开窗,开窗,先让我们搞清楚什么是窗口。窗口就是一个字段的数据范围,例如:
我们上面的例子中,因为月份字段中只有两个不同的值,所以只能分成两个窗口(感觉还挺像两个个窗户的)了,如果按照月份+门店
呢?那只能是 16 个 窗口了。
有了窗口,实际上我们可以在一个细粒度上的结果集上,进行分组。让后再对分组中的值进行 sum 、avg、count、first_value、last_value、lag、lead、row_number、dense_rank、rank 等操作。所以分组不仅仅是 group by 的专属,开窗函数也可以的。
下面就让我们进入具体的语法吧!
先看一个基本的:
select year_mon
,dimShopID
,amt
,sum(amt) over(partition by year_mon ) as mon_amt
from (
select
left(concat(dimDateID,''),6) as year_mon
, dimShopID
,sum(AMT) as amt
from dw.fct_sales
where dimShopID in (33 , 34)
and left(concat(dimDateID,''),6) in ( '201706','201707')

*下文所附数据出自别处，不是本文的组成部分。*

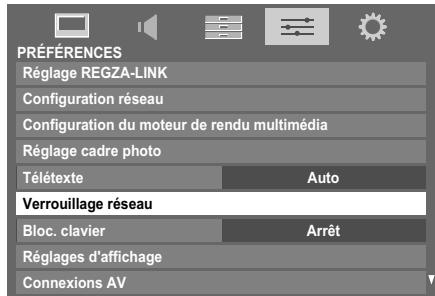 PRÉFÉRENCES Réglage REGZA-LINK Configuration réseau Configuration du moteur de rendu multimédia Réglage cadre photo Télétexte Auto Verrouillage réseau Bloc. clavier Arrêt Réglages d'affichage Connexions AV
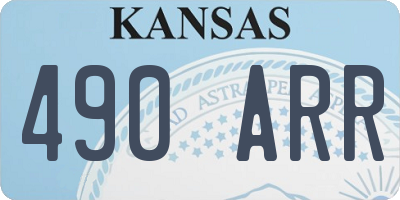 KS license plate 490ARR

group by left(concat(dimDateID,''),6)
,dimShopID
) as q1
q1 这个子查询是为了把上面提到的数据实例拼凑起来,关键是看sum(amt) over(partition by year_mon )
这一句。让我们分解来看看。
sum(amt)
这个相信大家知道是聚合函数,重点是看后面的over(partition by year_mon )
,当 sum 遇到 over 以后,sum 就进化了,由聚合函数进化成开窗函数。over 这个单词,从语义上有“跨越”的意思,聪明的你,一定猜到了,它是想说明要跨越的窗口大小,接下来问题来了,窗口的大小怎么定义呢?
其实,窗口的定义就是 over 里面的内容了,partition 从单词语义上解释是分区的意思,其实就是分组。partition by 就是根据哪个字段作为分组。所以把over(partition by year_mon )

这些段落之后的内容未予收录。